Побагровевший от негодования, Иван Степанович поднялся со скамьи, оперся на костыли и шагнул вперед… Однако Сора так и осталась стоять на месте.
— Мы туда не вернемся, не будет нам житья, раз уж хозяйка не хочет… Лучше уж сразу в гроб.
— Гитлер будет лежать в гробу… А мы с вами будем жить! Идемте со мной! Я с этой Мирончихой так поговорю, что она у меня и пикнуть не посмеет.
— Нет, нет, — не соглашалась Сора. — Туда — ни за что!..
— Добро… К этой ведьме я подселю кого-нибудь, кто не испугается ни ее брани, ни хитрых повадок ее сынка. Я-то его хорошо знаю. Вам же я пока выделю другое жилье, правда на короткое время. Ну, за мной!
Далеко идти не пришлось. Иван Степанович привел Сору в соседний дом, в котором была одна-единственная, но довольно большая комната с двумя окнами и просторные сени. В комнате стоял длинный стол с такими же длинными скамьями по бокам. На стене висел плакат «Родина-мать зовет!».
— Здесь вам пока что будет неплохо, в нашем красном уголке… — сказал Иван Степанович. — Можете переносить свои вещи.
А еще через две недели Сора перебралась из красного уголка в другой дом, откуда выехал его прежний хозяин. О лучшем жилье она не могла и мечтать. Две комнаты, терраса и участок с огородом.
Было начало лета, и Сора успела засадить две грядки картофеля, грядку лука и грядку моркови. Старшая дочь, шестнадцатилетняя Дина, работала в бригаде рыболовецкого колхоза. Рыбу ловить ей не приходилось, она помогала обрабатывать ее и засаливать. Четырнадцатилетний Мотл каждый день уходил на лесозаготовки и получал за это паек, полагающийся рабочему. На младших детей Сора получала из колхоза муку, молоко и немного меда. В общем, жить можно было, но надо же было случиться такому, что Сора, простудившись, полежала неделю с высокой температурой и умерла, обретя вечный покой на васютинском погосте.
В деревнях и селах старшую дочь называют «нянька», поскольку на ней лежит обязанность присматривать в доме за младшими детьми. Дина и прежде нянчила детей, когда мать была занята, а теперь пришлось заменить ее совсем. Она вынуждена была перейти из колхозной бригады на другую работу — поближе к жилью, чтобы в обеденное время успеть забежать домой, похозяйничать в кухне и на участке. Устроилась уборщицей в поссовете, заодно выполняя обязанности курьерши.
— Уберешь две наши комнатки, разнесешь пару бумаг и повесток по указанным адресам — и свободна.
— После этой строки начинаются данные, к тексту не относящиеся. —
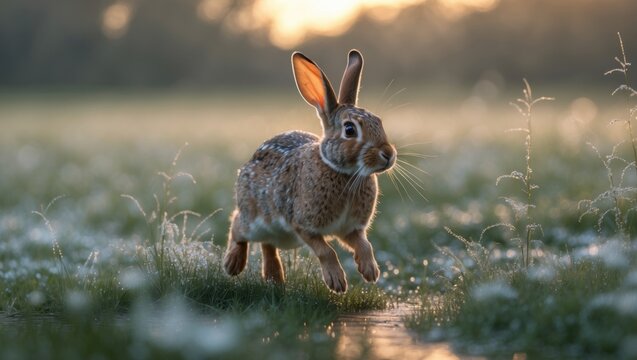 Bounding wild rabbit running through dew-covered meadow at dawn, with grass blades and dew droplets - Powered by Adobe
Можешь бежать домой, — так сказал ей Иван Степанович, и так оно и было.
Рано утром с веником в руках — в поссовете, потом часа два разносила куда следует разные бумаги, все остальное время проводила дома в хлопотах по хозяйству: варила, шила, латала. Берл и Этл учились в школе. Когда они возвращались домой, Дина требовала показать отметки в тетрадях. Свое собственное образование она закончила в девятом классе еще в июне сорок первого. Но была у нее мечта: закончится война, вернется отец с фронта и увидит, как выросли его дети, все здоровые. Мотл работает, Берл, Этл и Эстер учатся. Обнимет он их и скажет при этом: «Спасибо тебе, Дина, ты такая же заботливая и преданная, какой была твоя мама…»
Как-то раз, в послеобеденное время, когда Дина спешила домой, получив по карточкам немного продуктов, ее остановил колхозный счетовод, сын Мирончихи, — мужчина лет тридцати, с маленькой птичьей физиономией, на которой чаще всего было выражение недовольства, словно ему, такому хорошему человеку, ни за что ни про что наплевали в душу. А нос и подбородок были до того остры, что, казалось, можно о них порезаться. Несмотря на внушительный рост и широкие плечи, он не был мобилизован из-за того, что на левой руке не хватало двух пальцев. Инвалид без ноги Иван Степанович да этот самый Дмитрий, или, как его попросту звали, Митя, а еще проще за глаза — «Митька-жердь», были единственными мужчинами во всем поселке. Оставались только мальчишки либо уж совсем старики.